今回のお話は、一言で言えば不倫の話ですね。ただ、今どき(?)で考えるようなゴテゴテした不倫とは違い、あくまでも登場人物の精神面に深く入り込み、や当時の時代背景を細かく描きながら表現されているので、不倫という事柄が前面に押し出されてはいない雰囲気はありました。
主人公の名は代助。名前に「代」が使われていることにも、考え始めれば色々と考えさせられるという。深読みもしてしまいますが。
「代」という文字が使われる言葉としたら、「時代」とか「代表」とか「一代」とか「代金」とか。様々ありますが、「代わる」という意味合いがあり、何か「代助」を通して、物事の本質を見せていると言った現象がこのお話の中で起きているような気がします。「代助」がこの当時の世相の「代表」とでも言うような。
主人公の代助は、実業家の父と兄を持ち、生活にも困らずに職にも就かずにふらふらとしている次男坊の位置づけです。……もうこれだけで今に生きる人からすれば、どことなく許すまじの気持ちが出てきてしまい兼ねませんが、まあ、そういう荒ぶる気持ちはとりあえずその辺に置いておいて読むのをお勧めします(笑)
学生当時、同級生に平岡という男がおり、その妻となったのが代助の想い人である三千代。この関係だけを見ると、いかにも平岡が悪い奴~みたいな印象を受けるかも知れませんが、そもそも代助が平岡と三千代の結婚を斡旋しているという背景があり、別に平岡が悪い奴というわけではありません。平岡は新聞社に勤める人となり、一方で代助は職に就かずにふらふらとした立場にいたために、三千代を幸せにできるのは平岡だと、代助は半ば譲るようにして彼ら二人が一緒になることを勧めたという。……うーん、こじれてるなぁ。
平岡と三千代が結婚し、数年経って再会した代助と平岡の会話に、彼らがそれまで過ごしてきた生活の違いを見ることができます。当時、世の中は不況で、暗い雰囲気が漂う状況。平岡はその世の中で揉まれている苦労人という位置づけの一方で、代助は親の金で気ままに過ごすプータロー。だけどいっちょ前に学問は修めているので、頭だけは色々と回転します。
そんな代助が平岡に言った言葉に、次のようなものが。
”僕の知ったものに、丸で音楽の解らないものがある。学校の教師をして、一軒ぢゃ飯が食へないもんだから、三軒も四軒も懸け持をやってゐるが、そりや気の毒なもんで、下読(したよみ)をするのと、教場へ出て器械的に口を動かしてゐるより外に全く暇がない。たまの日曜杯は骨休めとか号して一日ぐうぐう寐ている。だから何所(どこ)に音楽会があらうと、どんな名人が外国から来やうと聞に行く機会がない。つまり楽といふ一種の美しい世界には丸で足を踏み込まないで死んで仕舞はなくつちゃならない。僕から云はせると、是程憐れな無経験はないと思ふ。麺麭(パン)に関係した経験は、切実かも知れないが、要するに劣等だよ。麺麭を離れ水を離れた贅沢な経験をしなくつちや人間の甲斐はない。君は僕をまだ坊っちゃんだと考へてるらしいが、僕の住んでゐる贅沢な世界では、君よりずっと年長者の積りだ”

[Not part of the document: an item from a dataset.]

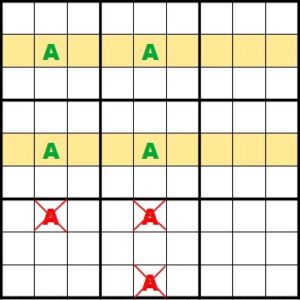 We can remove all candidates that are not possible anymore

……この代助の言葉を読んで、普通の、私のような一般庶民は「こ、この野郎……!」と思わずにはいられないでしょう(笑)
いや、彼の立場にしっかりと立ってみれば、この言葉が自然に出てきてしまうのも仕方がない部分もあるのでしょう。これってきっと、皮肉でも嫌味でもなく、ただの彼の思うところでしょうからね。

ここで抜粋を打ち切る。